■ Source data ■
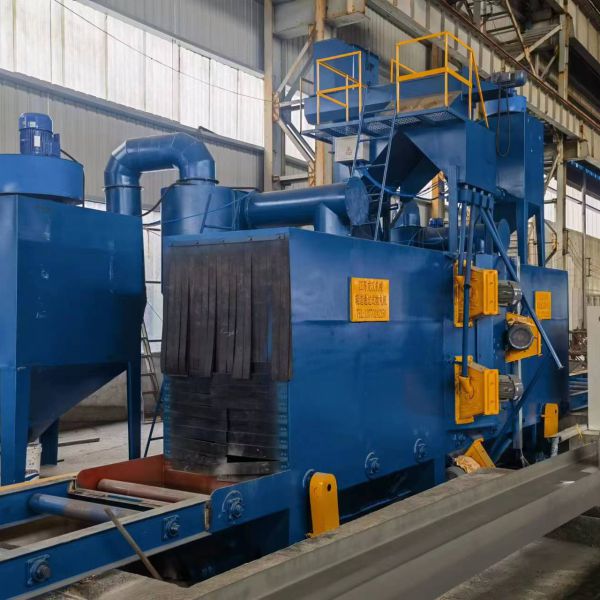 江苏南通-钢结构辊道通过式抛丸机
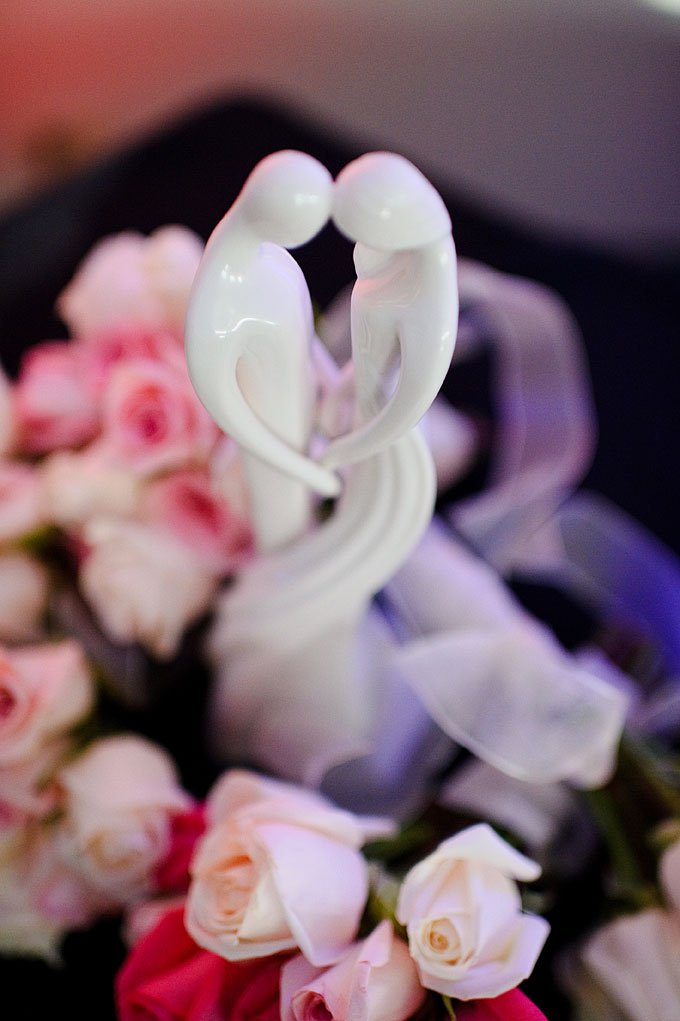 Wedding Flowers on the Cake Table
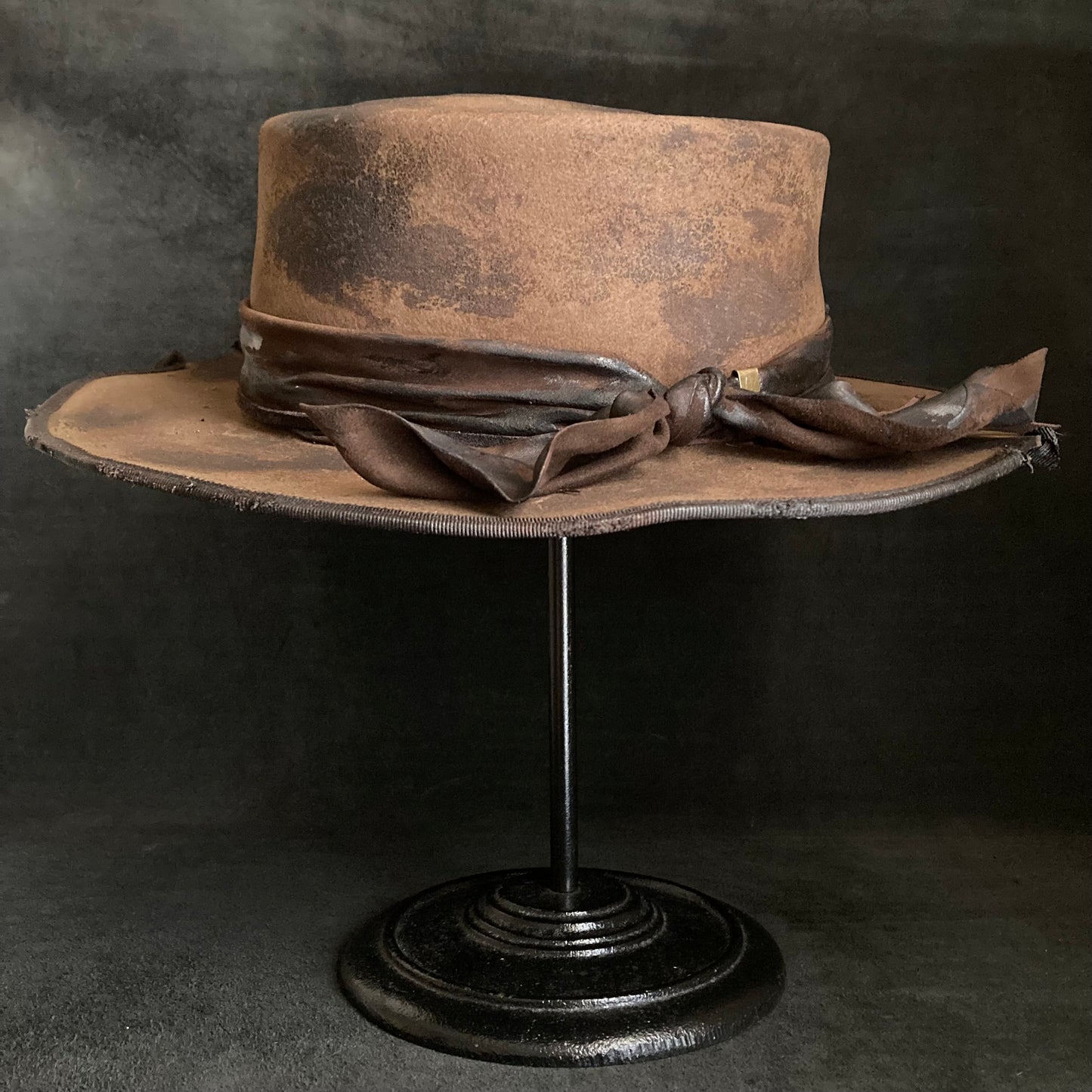 Burned dark camel flat hat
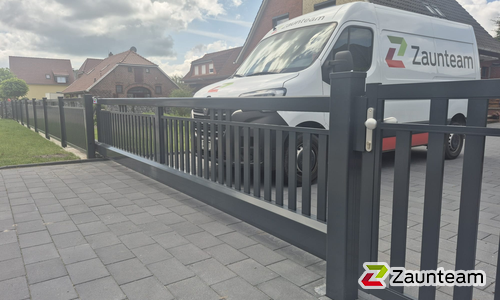 Schiebetor Aluminium wurde in Varel von Zaunteam Friesische-Wehde, Zetel im Jahr 2025 erstellt.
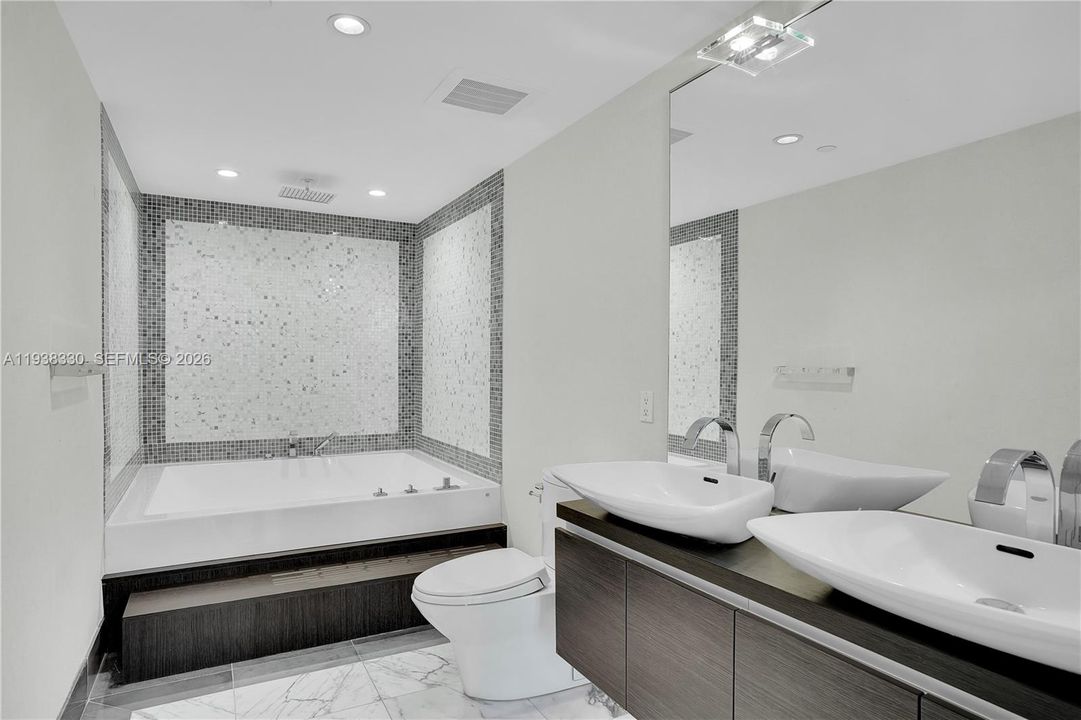 For Sale: $1,090,000 (2 beds, 2 baths, 1430 Square Feet)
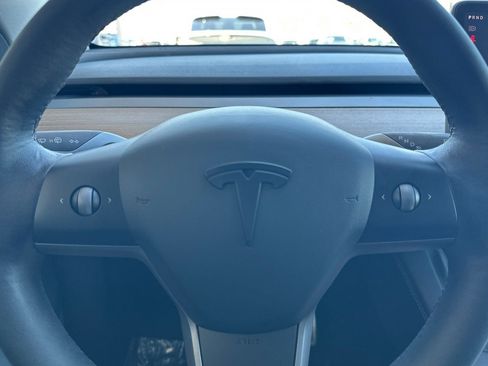 Used 2022 Tesla Model Y Performance AWD/4WD image 24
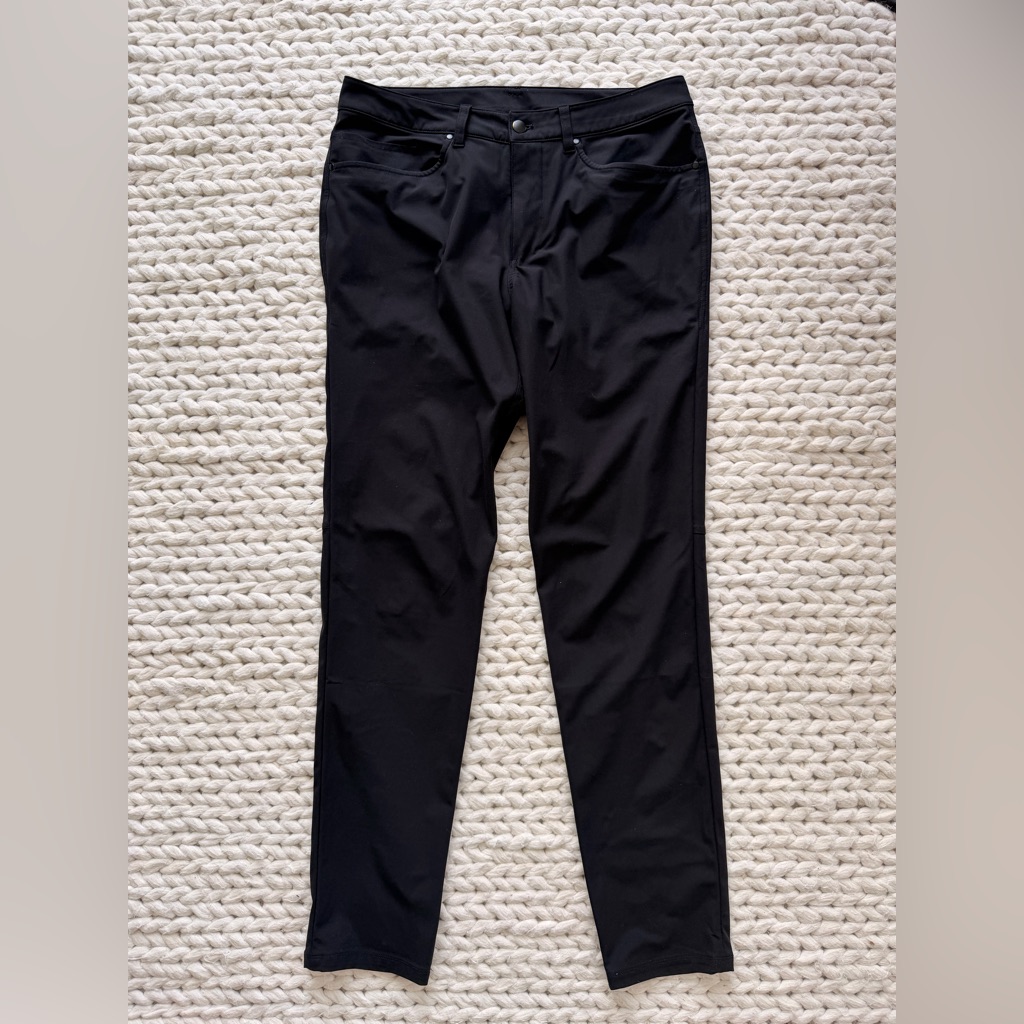 Lululemon Athletica Men's Black Performance Pants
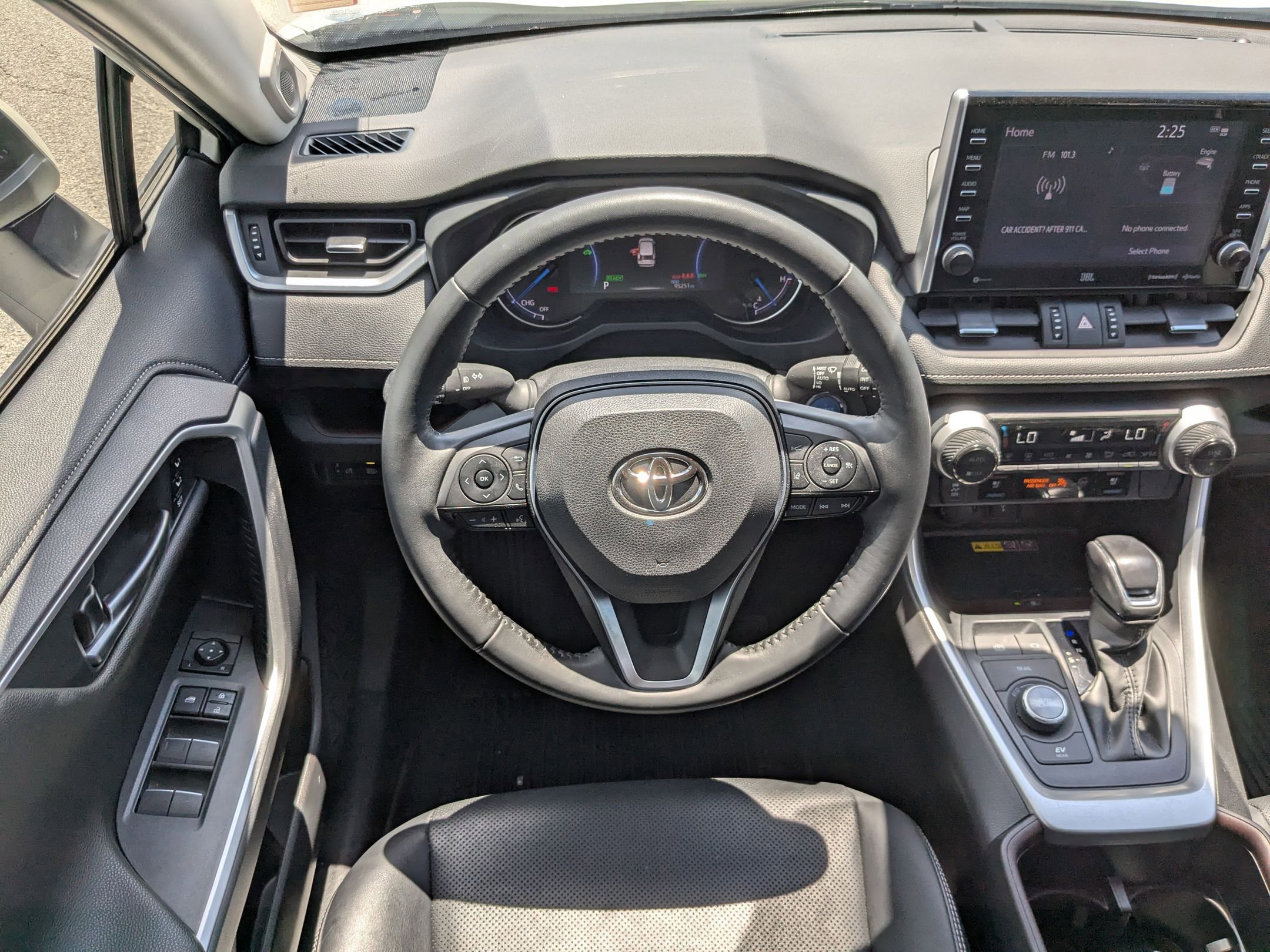 2022 Toyota RAV4 Hybrid Limited photo 27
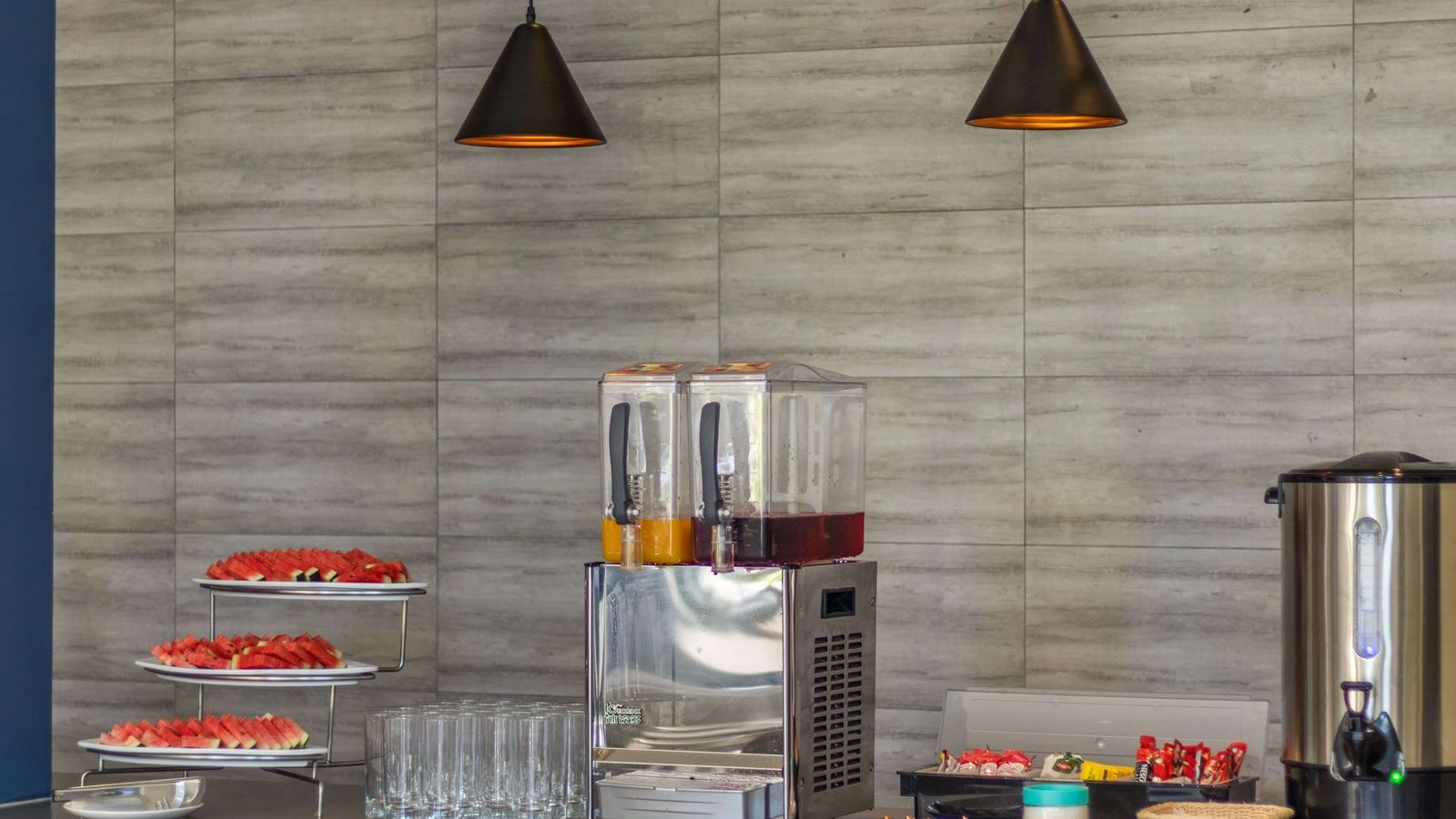 restaurants-sky-blue-restaurant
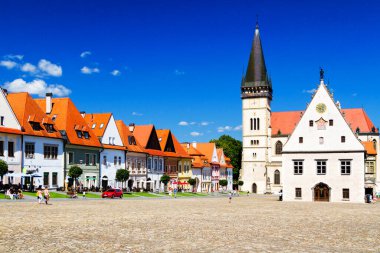 BARDEJOV, SLOVAKIA - 15 Ağustos 2017: UNESCO 'nun listesindeki Bardejov kenti, Slovakya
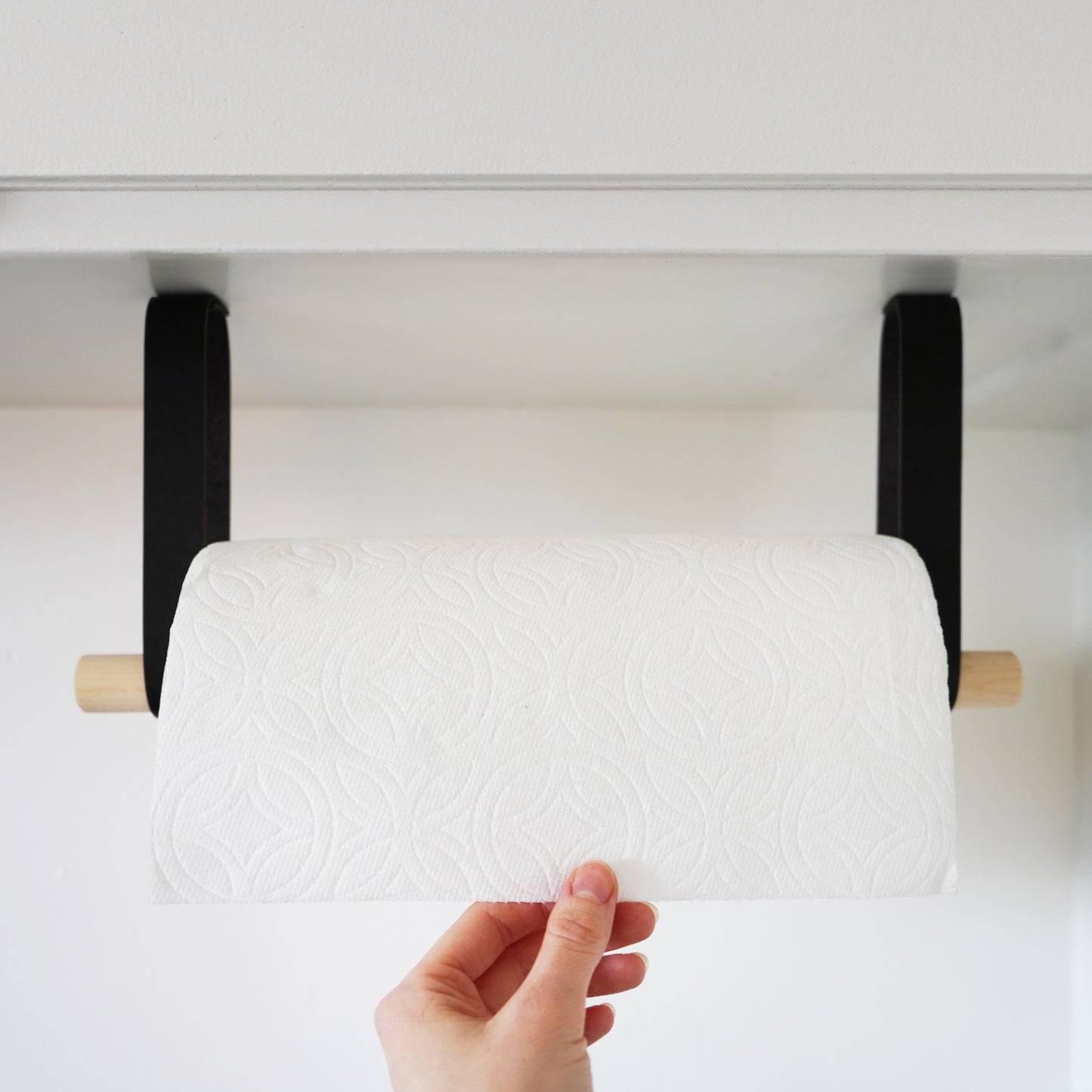 Paper Towel Holder Under Cabinet or Wall Mount, Black, Brass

■ Work to be completed ■
Leave out the pictures, and extract exactly the lines from the one with "BARDEJOV, SLOVAKIA - 15" through the end of the records, both ends included.

■ Answer area ■
 BARDEJOV, SLOVAKIA - 15 Ağustos 2017: UNESCO 'nun listesindeki Bardejov kenti, Slovakya
 Paper Towel Holder Under Cabinet or Wall Mount, Black, Brass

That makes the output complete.